Why are people turning their back on progress, asks Paul Krugman
The desire to dig out more gold and mine bitcoin may be leading us back to the 17th century way of doing things
This is a tale of three money pits. It's also a tale of monetary regress - of the strange determination of many people to turn the clock back on centuries of progress.
The first money pit is an actual pit - the Porgera open-pit gold mine in Papua New Guinea, one of the world's top producers. The mine has a terrible reputation for both human rights abuses and environmental damage. But gold prices, while down from their recent peak, are still three times what they were a decade ago, so dig they must.
The second money pit is a lot stranger: The bitcoin mine in Reykjanesbaer, Iceland. Bitcoin is a digital currency that has value because ... well, it's hard to say exactly why, but for the time being at least people are willing to buy it because they believe other people will be willing to buy it. It is, by design, a kind of virtual gold. And like gold, it can be mined: You can create new bitcoin, but only by solving very complex mathematical problems that require both a lot of computing power and a lot of electricity to run the computers.
The third money pit is hypothetical.
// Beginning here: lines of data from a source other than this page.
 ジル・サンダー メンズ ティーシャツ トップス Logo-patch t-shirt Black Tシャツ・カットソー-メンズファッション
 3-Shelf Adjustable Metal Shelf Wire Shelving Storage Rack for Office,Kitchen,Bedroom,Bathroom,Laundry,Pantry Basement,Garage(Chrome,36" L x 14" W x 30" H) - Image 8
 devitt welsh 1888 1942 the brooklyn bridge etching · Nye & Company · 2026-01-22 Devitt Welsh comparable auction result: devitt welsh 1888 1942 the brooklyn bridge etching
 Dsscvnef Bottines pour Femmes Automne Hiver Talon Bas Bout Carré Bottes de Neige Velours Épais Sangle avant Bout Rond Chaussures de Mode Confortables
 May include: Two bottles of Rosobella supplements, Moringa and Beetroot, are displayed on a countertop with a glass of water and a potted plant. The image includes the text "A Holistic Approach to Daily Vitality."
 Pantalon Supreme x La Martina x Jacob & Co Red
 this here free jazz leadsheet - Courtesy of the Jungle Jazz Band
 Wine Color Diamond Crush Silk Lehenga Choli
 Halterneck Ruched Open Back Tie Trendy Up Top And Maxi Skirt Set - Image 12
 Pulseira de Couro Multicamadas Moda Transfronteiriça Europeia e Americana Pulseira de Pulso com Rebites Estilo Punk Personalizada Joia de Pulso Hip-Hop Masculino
Back in 1936 the economist John Maynard Keynes argued that increased government spending was needed to restore full employment. But then, as now, there was strong political resistance to any such proposal. So Keynes whimsically suggested an alternative: Have the government bury bottles full of cash in disused coal mines and let the private sector spend its own money to dig the cash back up.
Clever stuff - but Keynes wasn't finished. He went on to point out that the real-life activity of gold mining was a lot like his thought experiment. Gold miners were, after all, going to great lengths to dig cash out of the ground, even though unlimited amounts of cash could be created at essentially no cost with the printing press. And no sooner was gold dug up than much of it was buried again, in places like the gold vault of the Federal Reserve Bank of New York.
Keynes would, I think, have been sardonically amused to learn how little has changed in the past three generations. Public spending to fight unemployment is still anathema; miners are still spoiling the landscape to add to idle hoards of gold. Bitcoin just adds to the joke.
I suspect that Adam Smith would have been dismayed.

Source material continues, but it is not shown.